A servidora pública da Câmara Municipal de Salvador, Jeanine Souza, mãe de Heitor, de 7 anos, compartilhou os desafios da maternidade solo e da ausência de rede de apoio desde o início da gestação.

“Desde a minha gravidez, tenho sido solo. E, para piorar, eu não tenho nenhuma rede de apoio. Ou seja, sou eu e eu mesma aqui nesse lugar, porque minha família toda mora no Espírito Santo e no Rio. Estou realmente sozinha”, lamentou Jeanine.

“Tem a questão da saúde, a questão financeira, porque tudo sou eu quem banca. Eu preciso correr atrás, trabalhar, estudar, me virar em muitas frentes. A escola onde ele estuda fui eu quem escolheu e sou eu quem paga. Os esportes que ele faz, as roupas que veste, as viagens que faz, a alimentação, a moradia — tudo é por minha conta. Eu moro num lugar onde muitas pessoas têm babá, têm apoio, mas eu não tenho. Porque, se eu tiver o ‘luxo’ de pagar uma babá, deixo de oferecer outras coisas para ele. Então, sou eu que levo, que busco, que cuido de tudo”, acrescentou a servidora pública.

Desafios

“Minha filha tem 15 anos, mas é madura como uma adulta.
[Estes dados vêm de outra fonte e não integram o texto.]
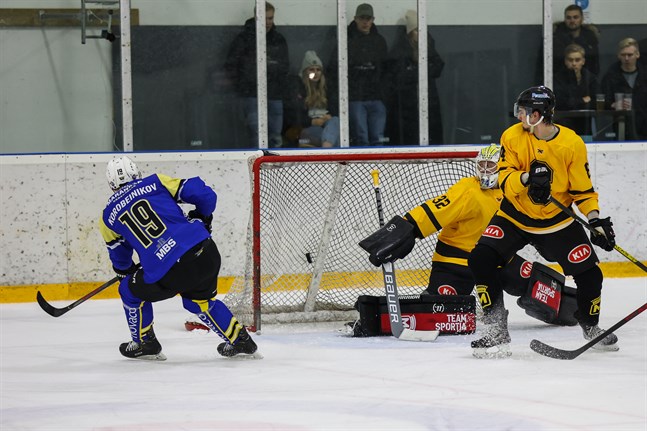 Maxim Korobeinikov satte 3–1-målet bakom Jonas Holmberg.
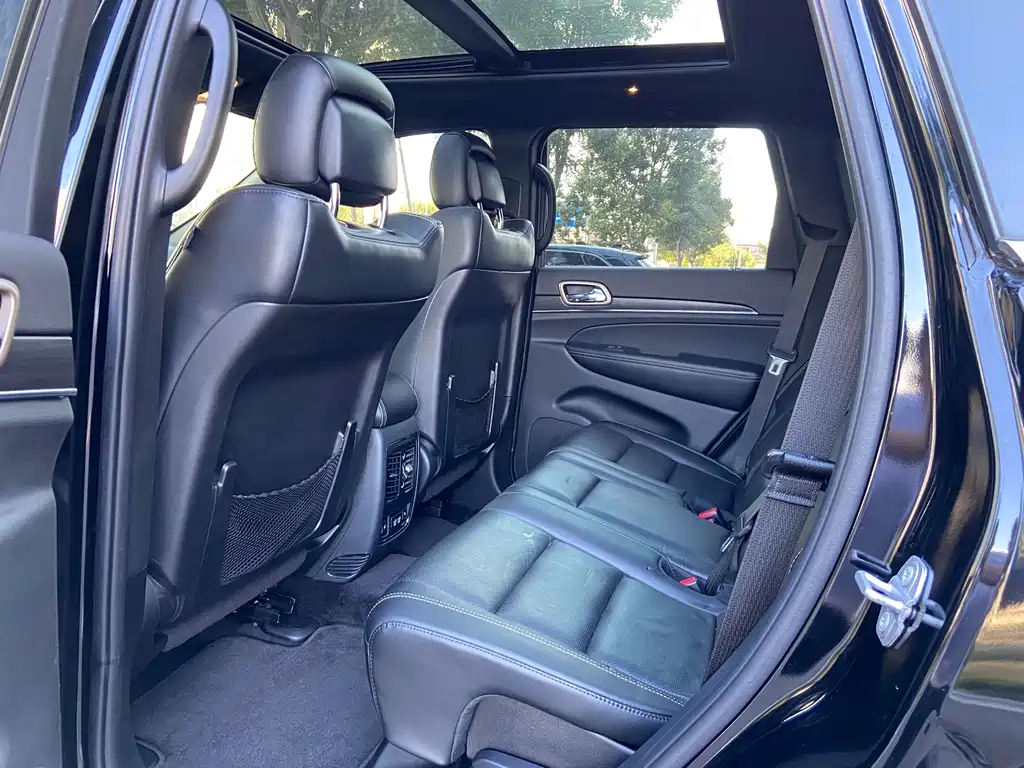 Jeep Grand Cherokee (Import) — миниатюра 10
Ela sabe disso e faz o possível para que eu me orgulhe do caminho que ela está trilhando”, contou a professora Arlinda.

Quando questionada sobre a falta de uma figura paterna no dia a dia, Priscila respondeu que há dificuldades.

“Sinto bastante falta na educação. Educar é acolher, corrigir, orientar… E ainda ter que lidar com o cansaço emocional e as inseguranças que vêm junto”, disse Priscila.

Já Jeanine desabafou sobre a responsabilidade que carrega sozinha.

“O pai dele é ausente em tudo — no financeiro, em tudo mesmo. Eu que tenho que dar conta de tudo sozinha, e isso pesa muito, é um peso enorme nas minhas costas. Por um lado, é complicado, porque tudo que ele precisa, ele tem que recorrer a mim”, concluiu.